El domingo fue el Día de la Madre. Estaba escribiendo una reflexión para compartir esta semana, cuando de repente mi hijo vino a casa a llevarme un ramo de flores para felicitarme y me dedicó unas palabras amorosas de agradecimiento que me sacudieron: «gracias por ser mi madre, ser tu hijo es un regalo.» Y, después de derramar unas cuántas lagrimas de alegría, me quedé barrenando -al hilo de mi último post- de ¡como de adjudicado resulta el liderazgo maternal en la vida de una mujer! ¡Y me decidí a escribir!

Sea como sea, la aparición del primer hijo en la vida cambia repentinamente tu existencia, tu identidad como mujer. Sin aprendizaje ni entrenamiento previo, tienes que hacer frente a la responsabilidad más importante de tu vida. En tus manos tienes el reto de acompañar una persona en el recorrido de su crecimiento, hasta que sea «mayor» en todos los sentidos. Te conviertes adjudicadamente en su líder y sin excusas tienes que asumir este rol.
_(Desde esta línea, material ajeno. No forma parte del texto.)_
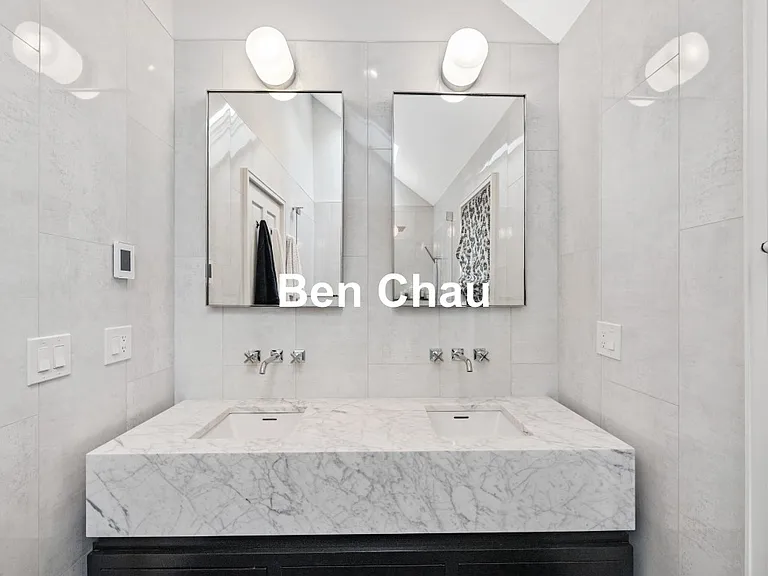 208 Windsor St #SINGLE HOUSE — Photo 11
Maravilloso liderazgo que, en mi opinión, te proporciona el más grande aprendizaje y desarrollo personal, haciéndote crecer a la vez que crece él.

Y llega un día que, de repente, constatas que has conseguido tu objetivo, que tu hijo ya es «mayor» y este día comprendes que tienes que dejar tu rol, asumes que ha llegado el momento. Del mismo modo que se te adjudicó, el liderazgo se desvanece. Y este día es emocionalmente único. Como en una carrera de relevos, pasas el testigo del liderazgo a él, al hijo que ha crecido y que ya dispone de buena parte de las herramientas necesarias para liderar su propia vida. Y cuando observas desde esta nueva posición el resultado obtenido de tu dedicación, del liderazgo maternal, vives una de las satisfacciones más grandes que puedes tener como mujer, ¡buen trabajo!

¡Gracias hijo mío para ser fuente de mi inspiración y mi gran motivación a la vida!